What the exercise asks:
In the records below, find the line with "2019 Alfa Romeo Stelvio TI", then retype it and every following line exactly, stopping after the line with "Lisslune | NATURAL HAIR EXTENSIONS". Leave the pictures out.
[[ Task material open ]]
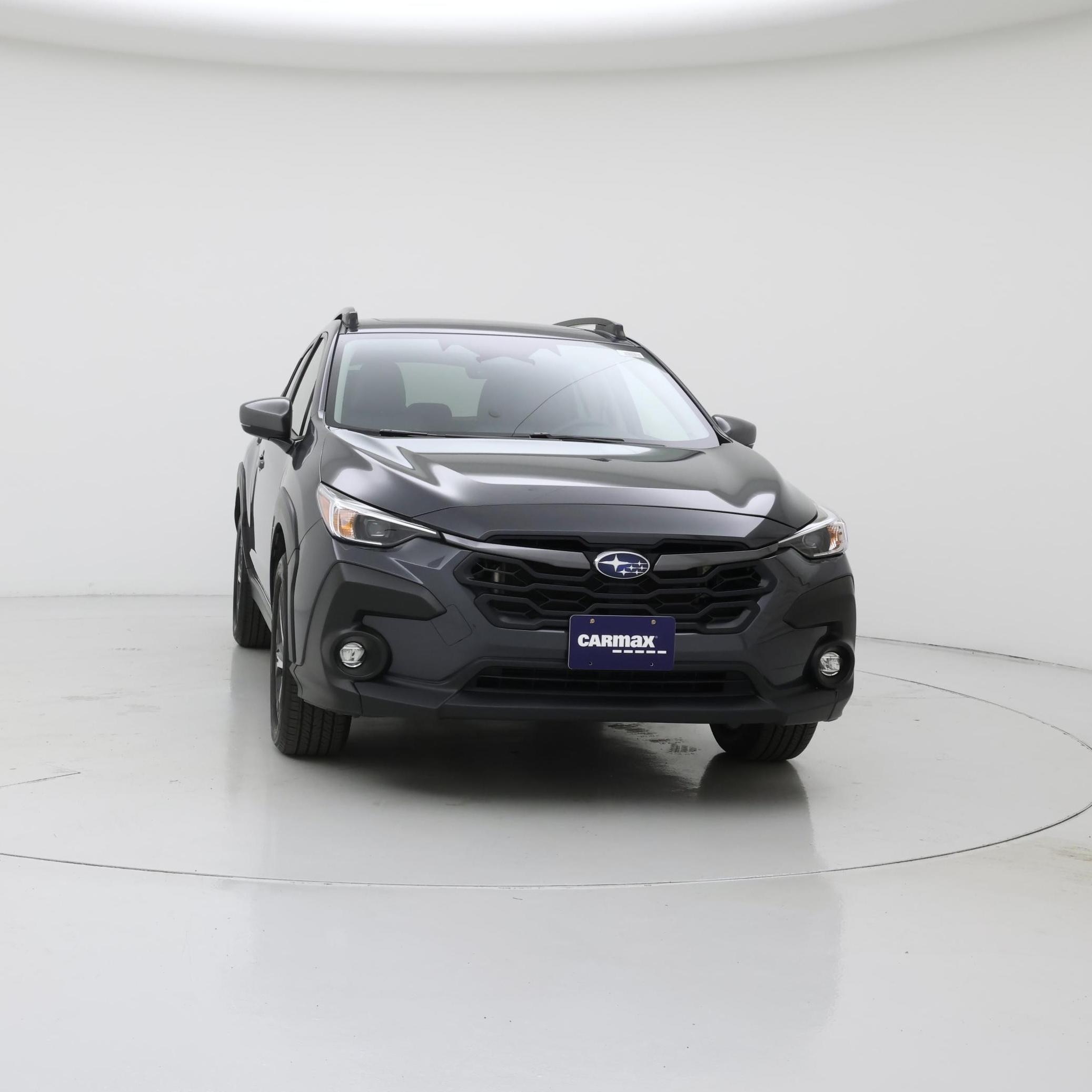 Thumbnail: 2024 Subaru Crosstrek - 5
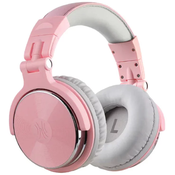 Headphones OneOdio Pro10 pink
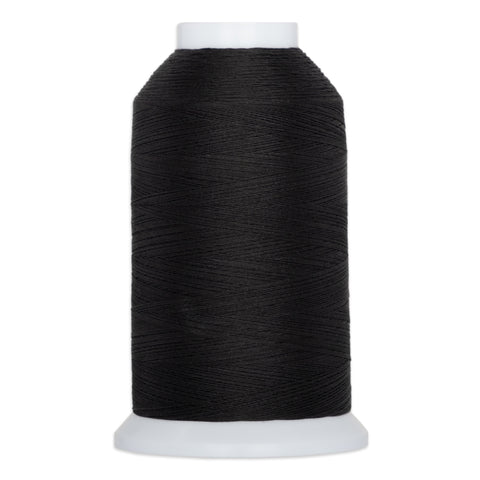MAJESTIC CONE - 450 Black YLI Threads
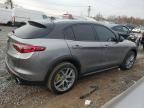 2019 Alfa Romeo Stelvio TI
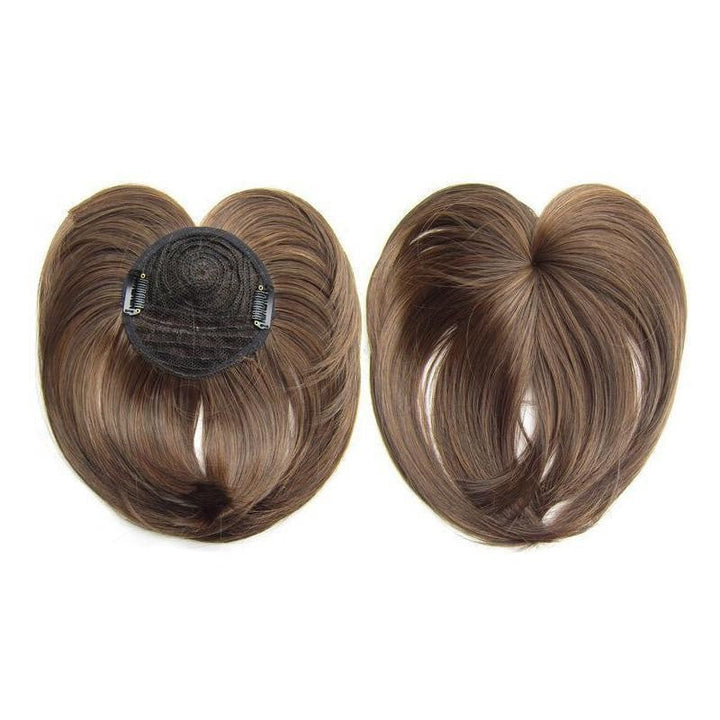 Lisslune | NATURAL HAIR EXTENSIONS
[[ Task material closed ]]
[[ Task material open ]]
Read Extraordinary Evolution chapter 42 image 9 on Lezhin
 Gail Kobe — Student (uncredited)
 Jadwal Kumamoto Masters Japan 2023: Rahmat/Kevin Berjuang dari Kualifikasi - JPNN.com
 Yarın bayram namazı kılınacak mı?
[[ Task material closed ]]
Answer:
 2019 Alfa Romeo Stelvio TI
 Lisslune | NATURAL HAIR EXTENSIONS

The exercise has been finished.